En Memorias vegetales, la exposición que puede presenciarse en la celda sor Juana de la Universidad del Claustro de sor Juana desde el miércoles 19 de febrero hasta el viernes 20 de marzo, Frida Castañeda recrea algunos de los hallazgos que le ha deparado la naturaleza y los ha transformado en una obra íntima, peculiar, en la que la técnica no importa un artificio ni un alarde y en la que puede adivinarse un estilo.
Frida Castañeda ha ensayado obsesivamente la fotografía y recientemente publicó en Zopilote Rey Pizarras, un cuaderno en el que configura un universo personal hecho de insectos, como una “caja entomológica”, según el nombre de una de sus colagrafías. Se trata de una visión sentimental de algunos insectos en la que convergen recuerdos, fábulas posibles, un sentido del humor sutil, sin necesidad de cómplices ni celebraciones, que parece haberse creado en ella acaso con feliz inocencia.
En el texto que escribió para ese cuaderno, Pablo Soler Frost inscribió a Frida Castañeda en la tradición de “mujeres que han, detalladamente, impreso, pintado, grabado, fotografiado, registrado, a insectos, crustáceos, gramíneas, frutos, hojas. Me viene a la mente, por supuesto, la extraordinaria artista Sybilla Merian”. Considera asimismo que “gran parte de la belleza los grabados de insectos de Frida Castañeda, es que son a la vez precisos y oníricamente sugerentes; continúan, en México, esa línea que va de Helen O’Gorman a Elvia Esparza”.
No se adivina engaño en Frida Castañeda. Parece indagar en su entorno con curiosidad elemental y recrearlo como un reflejo en sí misma con familiaridad. No sólo por eso le gusta reconocer que procede del IAGO, el Instituto de Artes Gráficas de Oaxaca, que creó Francisco Toledo “para no sentirme tan mal de ser un capitalista”, según le confesó a Roberto Ponce en el año 2000, “de ser un hacedor de dinero, lo gastó en instituciones que se abren a los jóvenes que no tienen posibilidades de viajar para ver exposiciones o tener libros”. Esos lugares son esencialmente “lugares donde estar” que frecuentaba con placer también Francisco Toledo, cuya presencia cotidiana ya era una incitación para quienes se congregan allí y cuya conversación sosegada “siempre dejaba algo”, recuerda Frida Castañeda, a veces en una frase, a veces en una despedida, a veces en un libro abierto, a veces en un papel dizque olvidado.
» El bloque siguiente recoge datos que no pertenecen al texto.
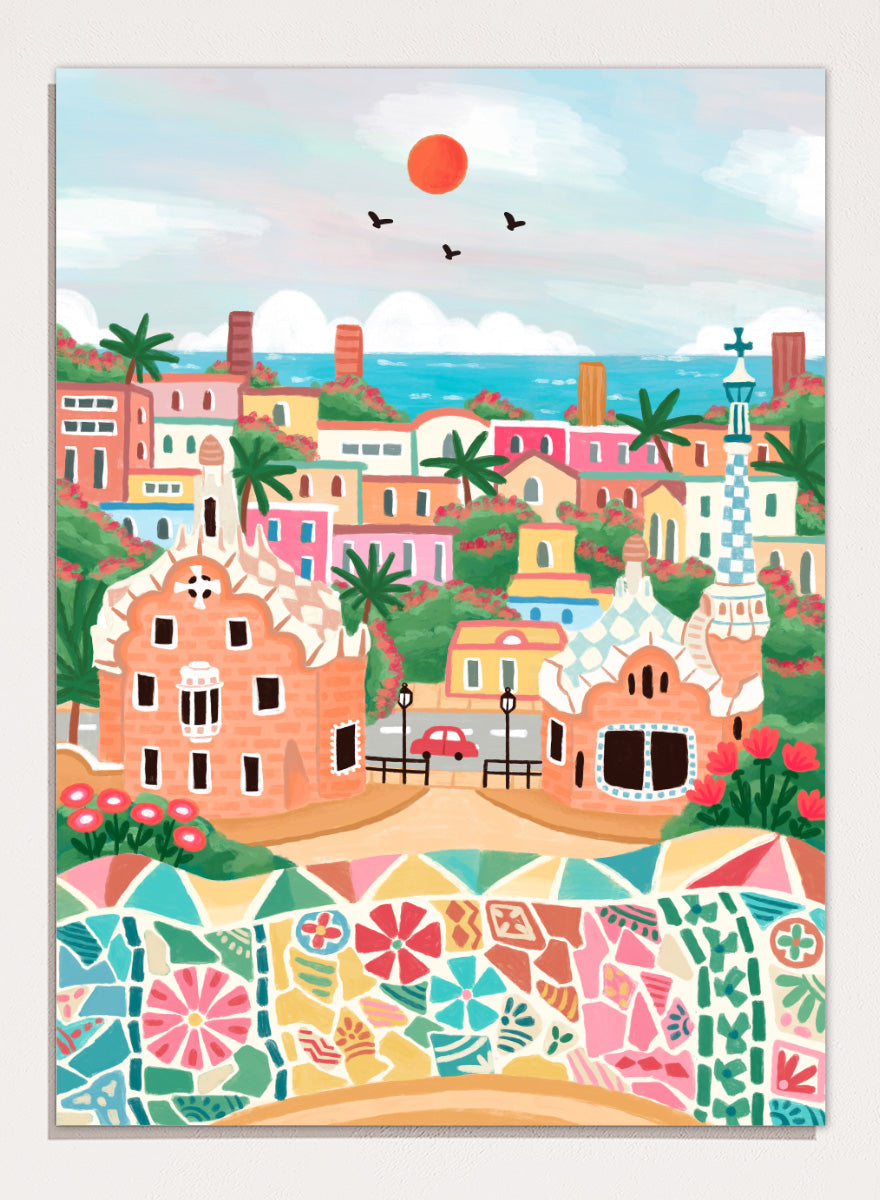 A colorful stylized illustration of a coastal town with pastel buildings, palm trees, a mosaic wall in the foreground, blue sea, and a red sun in the sky. Shop Colorful Coastal Dream by Nidhi Kachhadiya, a vibrant Barcelona wall art print inspired by Park Güell, Gaudí architecture, mosaics, and bright coastal color.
“La observación es un arte que nos permite comprender las historias de las que está compuesto el mundo”, escribió Frida Castañeda en un texto sobre el fotógrafo Thomas Ruff, publicado en el número cinco de la revista Avispero, en abril de 2013. “Los largos paseos donde observamos y descubrimos la estructura de los objetos y formas que durante millones de años han habitado la realidad, constituyen también una forma de hacer nuestra vida”. En su exposición Memorias vegetales, algunos de los hallazgos que le ha deparado la naturaleza importan asimismo reminiscencias perdurables. Ciertos rastros de la naturaleza, que pueden inducir a inferir su historia, son también los rastros de la memoria de Frida Castañeda. Pueden parecer mínimos como dos frijoles colorados que adquieren una forma semejante a la de un fósil, como un laberinto de cera, como un quincunce de semillas, como la recreación de una “cosecha de mi abuelo al sol”, como la colmena de madera que evoca a su “abuela apicultora”.
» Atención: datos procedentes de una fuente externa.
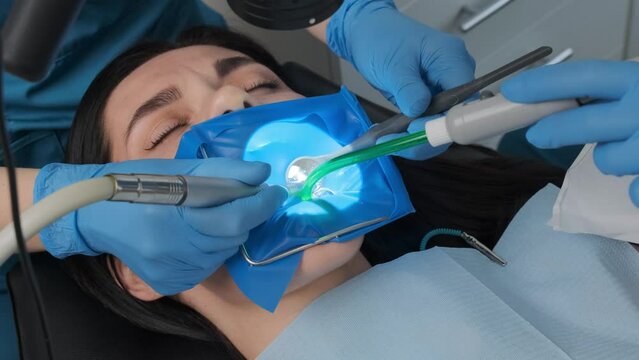 Dentist performs dental procedure on caucasian female patient with dental turbine handpiece, mirror and saliva ejector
Frida Castañeda no se limita a evocar esos rastros naturales, sino que conforman su obra también como materiales: las semillas, la hoja de plátano, la cera de abeja están en ella no como un recurso, sino como una parte esencial. Su memoria se entrecruza con la de la naturaleza en fragmentos como los del tepalcate de barro negro de “Infancia en Coyotepec” y como los nidos que no cierran un círculo.
Como lo creía Caspar David Friedrich, “la ley del artista es su sentimiento. La sensibilidad pura no puede estar jamás en contradicción con la naturaleza, siempre están en profunda conformidad la una con la otra”.